Berkeley balcony collapse relatives settle cases against firms
Apartments owner Blackrock and manager Greystar pay multimillion euro settlements
A candlelight vigil is held on June 17th, 2015, for the victims of the Berkeley balcony collapse in Berkeley, California. Photograph: Elijah Nouvelage/Reuters
Relatives of the six students who died in the Berkeley balcony collapse and the seven survivors have settled legal actions against the corporate owner and property manager of the Californian building.
Lawyers for the families declined to say how much was paid in the settlements, saying this was confidential, but the figure is said to total a substantial multimillion-dollar sum.
The settlements with Blackrock, one of the biggest investment companies in the world, and Greystar, the biggest manager of apartments in the United States, end all but one of the lawsuits taken by the families and survivors in the Californian courts over the June 2015 tragedy.
The two corporations were the main targets of the litigation taken by the families and students.
Of more than 30 defendants sued, a single subcontractor involved in building the apartment block a decade ago has refused to settle and is the only remaining defendant before the courts.

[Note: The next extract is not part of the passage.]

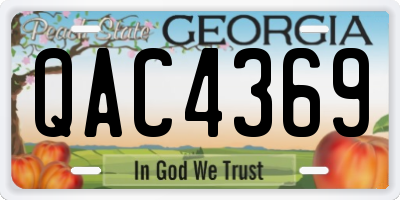 GA license plate QAC4369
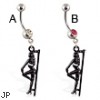 Navel ring with dangling posing stripper and pole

Dublin students Olivia Burke, Eoghan Culligan, Lorcán Miller, Nick Schuster and Eimear Walsh, all 21, and Ms Burke’s cousin Ashley Donohoe, aged 22, died when a fourth-floor balcony collapsed at the Library Gardens apartments during a 21st birthday party early on June 16th, 2015.
All of the students, with the exception of Ms Donohoe, a student from Rohnert Park, north of San Francisco, were in the US for the summer on the popular J-1 student working visas.
It was one of the worst tragedies involving young Irish people living abroad and led to multimillion-dollar claims for damages after it was found that the Library Gardens apartment block was built using unstable materials that caused dry rot damage in the balcony’s wooden joists.
In May the families of the deceased and the survivors reached settlements with all but one of the building contracting companies which made up the bulk of the defendants in the civil actions.
The legal actions against New York-based Blackrock and related companies and the South Carolina-based company Greystar and their related companies were due to go to trial in February.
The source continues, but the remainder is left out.